I hope you and your families and friends had a wonderful holiday season!
With the controversial Healthcare Reform, the best thing we can do is to keep ourselves as healthy as possible. Heart attack is the number one cause of death in both women and men in the United States. We continue to get information from medical studies suppoting the use of HRT to reduce the risk of heart attack in women. The most recent study was published in the Journal of the American College of Cardiology, December 2009. The study showed that LDL, or bad cholesterol, rised during the year before andafter menopause. This is the time that levels of estrogen drop significantly in women not on HRT. Another recent study showed women who have a complete hysterectomy before menopause, and who are not placed on HRT, are at increased risk of premature heart attack. I always recommend you discuss the risks and benefits of any treatment with your physician.
In The Kitchen With Dr. B. - 3 Bean Soup with Pasta Croutons
Now that winter is here, vegetable soups are one of my favorite foods as a little (or lot of) nip comes into the air. The idea for this recipe came from Food and Wine November 2009. This recipe requires a little chopping - watch your fingers (and toes) when working on this part of the recipe. A few years ago, I was chopping onions bare-footed, the knife flipped out of my hand and cut two of my toes, requiring stitches - the moral of that story is do not chop bare-footed. See below* for the rest of the story.
2 tablespoons extra-virgin olive oil
3 slices lean bacon, finelly chopped
2 medium onions, finely chopped
1 large carrot, peeled and halfed lengthwise and sliced crosswise into thin half-rounds
3 celery ribs, thinly sliced crosswise
4 garlic cloves, thinly sliced crosswise
1 leek, cut in half lengthwise, washed, white and tender green parts thinly sliced crosswise
1/2 green cabbage, cut in half, cored and sliced into thin strips
1 14 ounce3 can diced tomatoes
1 cup dried balck-eyed peas
1 bay leaf, with 2 sprigs thyme, and 3 parsley sprigs tied with kitchen string together
1 15 ounce can dark red kidney beans, drained and rinsed
1 can garbanzo beans, drained and rinsed
3 ounces whole-wheat penne pasta
1/2 cupshredded basil
1/2 cup grated fresh Reggiano-Parmesean cheese (not the stuff out of the green can)
In a 6-quart pot, heat 1 tablespoon oil, saute' the bacon until lightly browned. If you want a vegetarian dish, omit the bacon and add another tablespoon of olive oil when cooking the vegetables. Add onion, carrot, celery, garilic and leek and cook until softened over moderate heat, about 10 minutes (do not brown). Season with sea salt and freshly ground pepper. Add the cabbage, cook for several minutes until moderately wilted. Add the tomatoes and cook a couple of minutes, continually stirring. Add the black-eyed peas and two quarts of water and bring to a boil. Place the herb mixture in the pot, cover and simmer for 45 minutes over low heat. May want to cook less depending on how crunchy you want the vegetables and whether or not you are planning to freeze the leftovers. Remove the herbs before serving.
Prepare the pasta croutons. Add the penne pasta to a pot of boiling salted water (add the salt after the water is boiling).

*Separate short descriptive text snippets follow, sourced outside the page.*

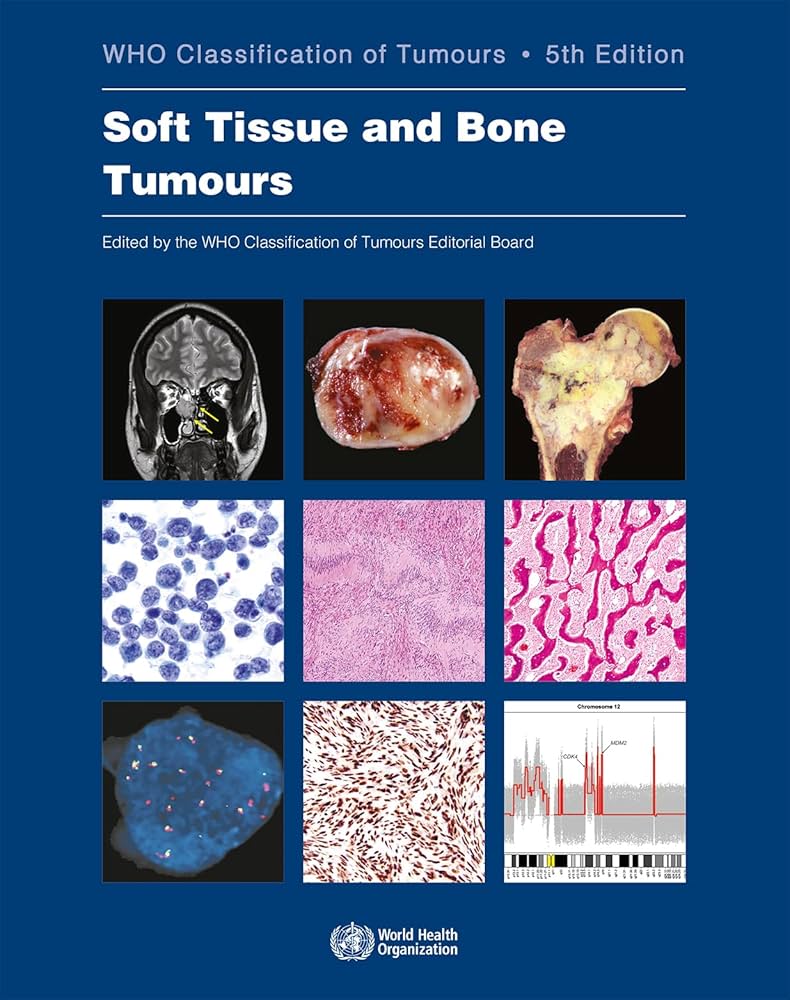 WHO classification of tumours of soft tissue and bone tumours: 3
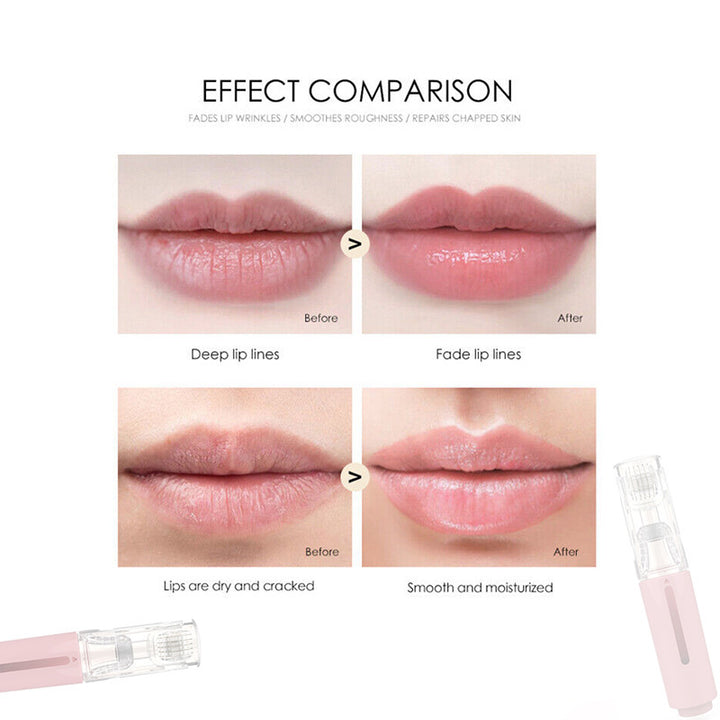 Lip Booster Active MicroRoller 105: Moisturizing & Brightening Lip Enhancement Tool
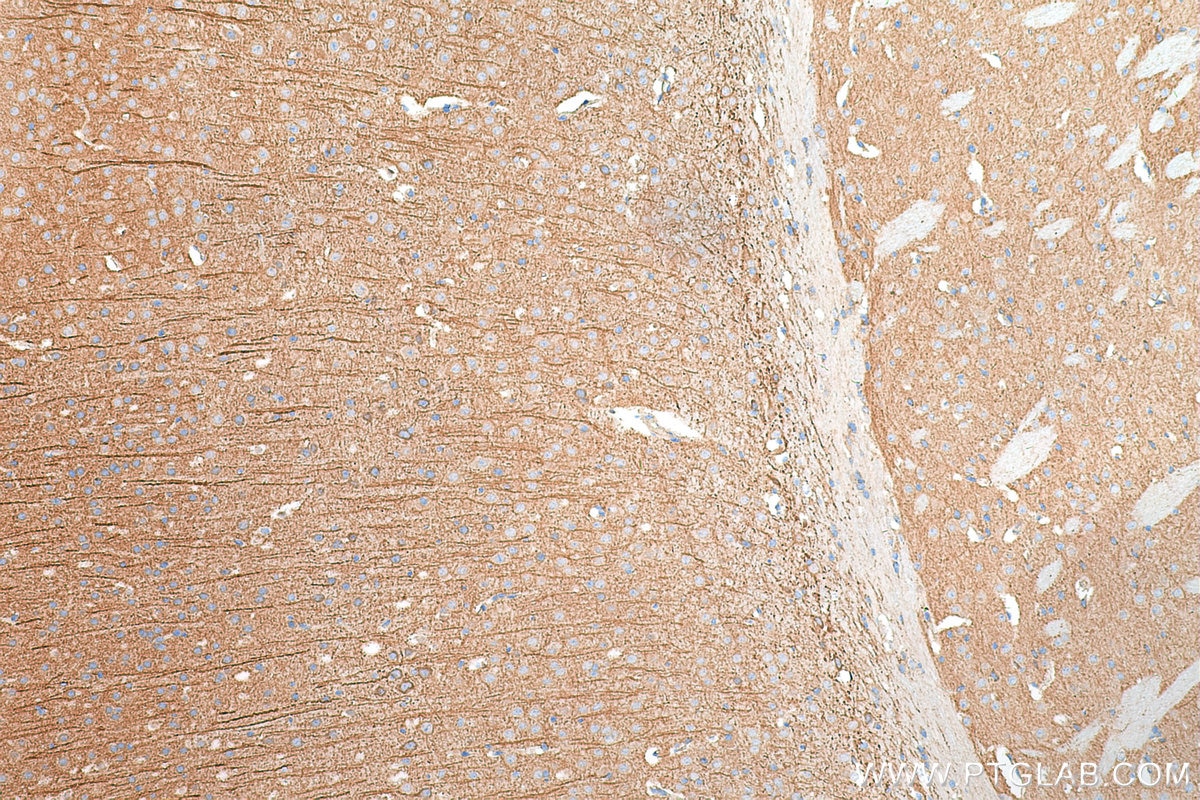 Immunohistochemistry (IHC) staining of mouse brain tissue using TrkB Polyclonal antibody (29961-1-AP)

Cook about 10 minutes, drain, and cool under cold water. Slice each penne pasta crosswise into 4 sections, and saute in a nonstick pan in a single layer with 1 tablespoon olive oil for about 5 minutes until slightly browned and crispy. Drain the pasta on paper towels.
Ladle the soup into bowls, stir about 1 tablespoon each basil and cheese into each bowl, and top with 1 tablespoon pasta (or to taste). Enjoy!
A couple of comments - one difference between professional chefs and everday cooks is the chefs are very compulsive about cutting veggies and other foods precisely so they will cook evenly, and the finished dish looks better. Another comment/hint - several years ago at a cooking class my wife and I were taking, we did a blind tasting of canned tomatoes, two well-known brands and the Piggly Wiggly brand. Our chef instructor said that the Piggly Wiggly brand consistently beat the others on taste and consistency. If it tastes good and costs less, sounds like a deal to me.
* The rest of the story - realizing I needed stitches, I drove to my office and managed to inject my 2 toes with local anesthetic. That was not a small feat since lidocaine burns like the dickens when injected into fingers and toes. The problem arose when I could not contort my hand to approach the cuts at the correct angle to place the sutures. I hobbled down to the emergency room near my office and asked one of the physicians to do the suturing - after all, my toes were already numb. End of story.
The information provided by Advanced Healthcare for Women and E. Daniel Biggerstaff, III, M.D. is for informational purposes only. As each woman is unique, do not rely on this information for diagnosis and treatment. We cannot guarantee the accuracy of the content and advise that you see a qualified Health Care Professional for individual needs and care.